4.4.3.1 So­lu­tion esdb2-a

Ques­tion:

The 2p$_x$ pointer state of the hy­dro­gen atom was de­fined as

\begin{displaymath}
\frac 1{\sqrt 2}\left(-\psi_{211}+\psi_{21-1}\right).
\end{displaymath}

where both $\psi_{211}$ and $\psi_{21-1}$ are eigen­func­tions of the to­tal en­ergy Hamil­ton­ian $H$ with eigen­value $E_2$ and of square an­gu­lar mo­men­tum $\L ^2$ with eigen­value $2\hbar^2$; how­ever, $\psi_{211}$ is an eigen­func­tion of $z$ an­gu­lar mo­men­tum $\L _z$ with eigen­value $\hbar$, while $\psi_{21-1}$ is one with eigen­value $\vphantom{0}\raisebox{1.5pt}{$-$}$$\hbar$. Eval­u­ate the ex­pec­ta­tion val­ues of en­ergy, square an­gu­lar mo­men­tum, and $z$ an­gu­lar mo­men­tum in the 2p$_x$ state us­ing in­ner prod­ucts. (Of course, since 2p$_x$ is al­ready writ­ten out in terms of the eigen­func­tions, there is no sim­pli­fi­ca­tion in this case.)

An­swer:

For en­ergy you have,

\begin{displaymath}
\left\langle{E}\right\rangle =\frac 12 \langle -\psi_{211}+\psi_{21-1}\vert H\vert{-}\psi_{211}+\psi_{21-1}\rangle .
\end{displaymath}

By the de­f­i­n­i­tion of eigen­func­tion, the prod­ucts with $H$ sim­plify:

\begin{displaymath}
\left\langle{E}\right\rangle =\frac 12 \langle -\psi_{211}+\psi_{21-1}\vert{-}E_2\psi_{211}+E_2\psi_{21-1}\rangle .
\end{displaymath}

Mul­ti­ply­ing out fur­ther, while not­ing that on ac­count of or­tho­nor­mal­ity of the eigen­states,

\begin{displaymath}
\langle\psi_{211}\vert\psi_{211}\rangle = \langle\psi_{21-1}...
...i_{21-1}\rangle = \langle\psi_{21-1}\vert\psi_{211}\rangle =0,
\end{displaymath}

you get $\left\langle{E}\right\rangle $ $\vphantom0\raisebox{1.5pt}{$=$}$ $E_2$.

Sim­i­larly, for the square an­gu­lar mo­men­tum,

\begin{displaymath}
\langle L^2\rangle =\frac 12 \langle -\psi_{211}+\psi_{21-1}\vert\L ^2\vert{-}\psi_{211}+\psi_{21-1}\rangle .
\end{displaymath}

or mul­ti­ply­ing out

\begin{displaymath}
\langle L^2\rangle =\frac 12 \langle -\psi_{211}+\psi_{21-1}\vert -2\hbar^2\psi_{211}+2\hbar^2\psi_{21-1}\rangle .
\end{displaymath}

mul­ti­ply­ing out fur­ther to $\left\langle{L^2}\right\rangle $ $\vphantom0\raisebox{1.5pt}{$=$}$ $2\hbar^2$.

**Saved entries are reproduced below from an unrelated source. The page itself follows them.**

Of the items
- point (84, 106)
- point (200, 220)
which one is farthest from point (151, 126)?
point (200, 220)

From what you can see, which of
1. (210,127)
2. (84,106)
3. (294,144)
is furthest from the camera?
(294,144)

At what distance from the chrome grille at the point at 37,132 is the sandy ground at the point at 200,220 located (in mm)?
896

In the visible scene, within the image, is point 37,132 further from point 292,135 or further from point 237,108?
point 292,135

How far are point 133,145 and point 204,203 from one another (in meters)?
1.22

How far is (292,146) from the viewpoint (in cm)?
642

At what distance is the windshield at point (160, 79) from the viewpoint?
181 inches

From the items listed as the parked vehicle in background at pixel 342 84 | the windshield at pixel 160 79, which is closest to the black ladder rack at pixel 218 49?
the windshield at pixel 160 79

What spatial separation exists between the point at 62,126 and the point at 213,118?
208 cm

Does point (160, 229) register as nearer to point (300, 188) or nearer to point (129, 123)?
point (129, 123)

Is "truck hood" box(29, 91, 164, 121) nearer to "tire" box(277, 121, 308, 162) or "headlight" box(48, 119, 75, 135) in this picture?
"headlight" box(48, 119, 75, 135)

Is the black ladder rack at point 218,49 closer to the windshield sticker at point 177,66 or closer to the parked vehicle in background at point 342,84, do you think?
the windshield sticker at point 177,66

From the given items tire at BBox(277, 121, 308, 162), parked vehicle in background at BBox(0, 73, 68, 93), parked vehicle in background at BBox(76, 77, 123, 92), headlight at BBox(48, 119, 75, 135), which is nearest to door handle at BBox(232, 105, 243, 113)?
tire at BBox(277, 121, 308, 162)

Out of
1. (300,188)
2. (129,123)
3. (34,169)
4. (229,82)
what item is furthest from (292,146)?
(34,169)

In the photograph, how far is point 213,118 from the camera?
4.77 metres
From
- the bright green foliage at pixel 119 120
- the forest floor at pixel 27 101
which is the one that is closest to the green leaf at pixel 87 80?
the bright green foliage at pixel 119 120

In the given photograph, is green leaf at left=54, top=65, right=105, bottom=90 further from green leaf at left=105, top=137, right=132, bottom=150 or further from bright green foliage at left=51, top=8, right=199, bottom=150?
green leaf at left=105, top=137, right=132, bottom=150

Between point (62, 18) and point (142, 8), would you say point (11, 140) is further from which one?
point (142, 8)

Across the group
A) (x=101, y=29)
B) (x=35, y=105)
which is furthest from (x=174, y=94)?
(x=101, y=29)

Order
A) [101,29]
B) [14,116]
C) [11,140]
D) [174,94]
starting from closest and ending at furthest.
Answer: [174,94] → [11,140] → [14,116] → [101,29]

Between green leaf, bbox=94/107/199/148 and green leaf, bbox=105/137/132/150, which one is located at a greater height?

For the $z$ an­gu­lar mo­men­tum,

\begin{displaymath}
\langle L_z\rangle =\frac 12 \langle -\psi_{211}+\psi_{21-1}\vert\L _z\vert{-}\psi_{211}+\psi_{21-1}\rangle .
\end{displaymath}

or mul­ti­ply­ing out

\begin{displaymath}
\langle L_z\rangle =\frac 12 \langle -\psi_{211}+\psi_{21-1}\vert -\hbar\psi_{211}-\hbar\psi_{21-1}\rangle .
\end{displaymath}

mul­ti­ply­ing out fur­ther to $\left\langle{L_z}\right\rangle $ $\vphantom0\raisebox{1.5pt}{$=$}$ 0.